The odd thing is I don’t detect any great realignment of public opinion behind the fitment of manual gears to high-end sports cars and supercars. The truth in most cases is that these cars are bought more by people who want to look good than drive hard. By both allowing you to change like a racing driver while actually making the business of driving easier, paddle shifts offer a win/win solution to fashion victims who either can’t or can’t be bothered to changed gear smoothly. And they’re quicker around the Nürburgring too, as if that actually mattered.

So why, despite this apparent lack of demand, are car companies now getting interested by manuals again? It seems it’s all just marketing. Jaguar told me it was building a manual F-type because ‘it was the right thing to do’ while accepting a very small proportion of cars would be so equipped.
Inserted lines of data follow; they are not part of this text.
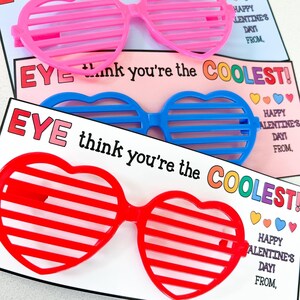 K&ouml;nnte beinhalten: Drei Valentinstagskarten mit dem Text "EYE think you're the COOLEST!" und einer Herz-Sonnenbrille mit horizontalen Streifen. Die Sonnenbrillen sind rosa, blau und rot.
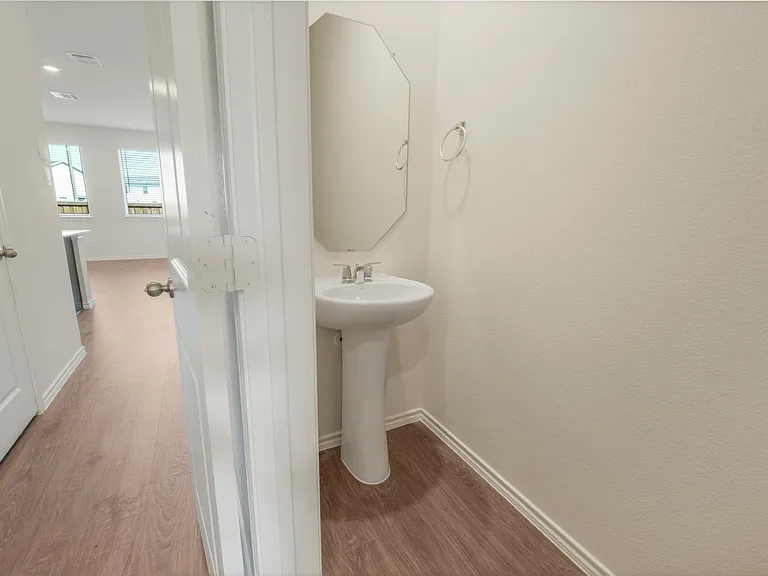 308 Cedar Ct — Photo 17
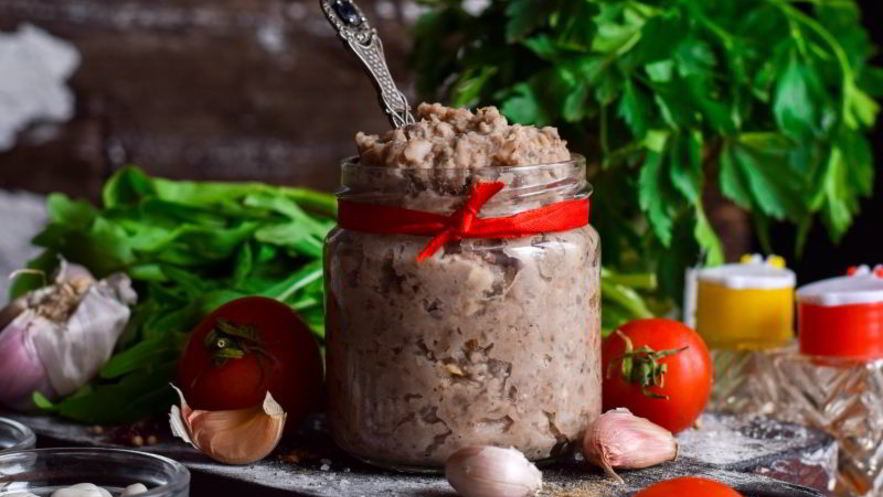 Рецепт постного паштета из фасоли с грибами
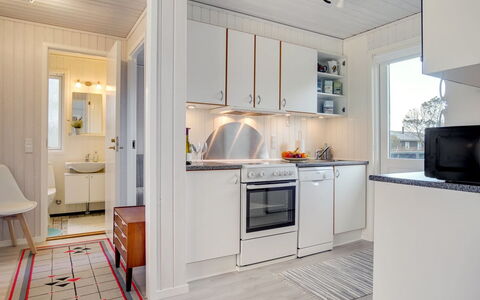 Matis - 650M from the Sea: Piso, Madera, Electrodoméstico, Diseño De Interiores, Suelo, Techo, Aparato De Cocina, Cocina, Suelos De Madera, Mostrador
Porsche says it made the Cayman GT4 manual to provide its customers with a choice, though a real choice would have been to offer an automatic too.

I think in fact that they’ve realised there is something authentic, ‘proper’ for want of a better word, in having a manual available in such cars. Even if few or any are actually sold, the fact that the customer could buy one if he or she wanted to sends out a strong message about the company’s values. Like Radio 3 and the rear seats of an Audi TT, few make use of them, but most like to know that they’re there.

To me the reason is unimportant. In this era where we are removed by degrees with every successive generation from the actual experience of driving, anything that makes us feel more connected to our machines counts as a good thing.

There is a bigger picture here too. Indeed I think we may be at a turning point in cars designed for the enthusiast but have yet to realise it. The drive for weight reduction came late but is here and now in full swing, the strides made in providing proper feel for electric steering have been massive, the noise and response of turbo engines have advanced to a point unimaginable even ten years ago and now manuals appear on the point of making a comeback, however limited in scope that may be. It seems the death not just of three-pedal transmissions, but proper drivers’ cars may indeed have been greatly exaggerated.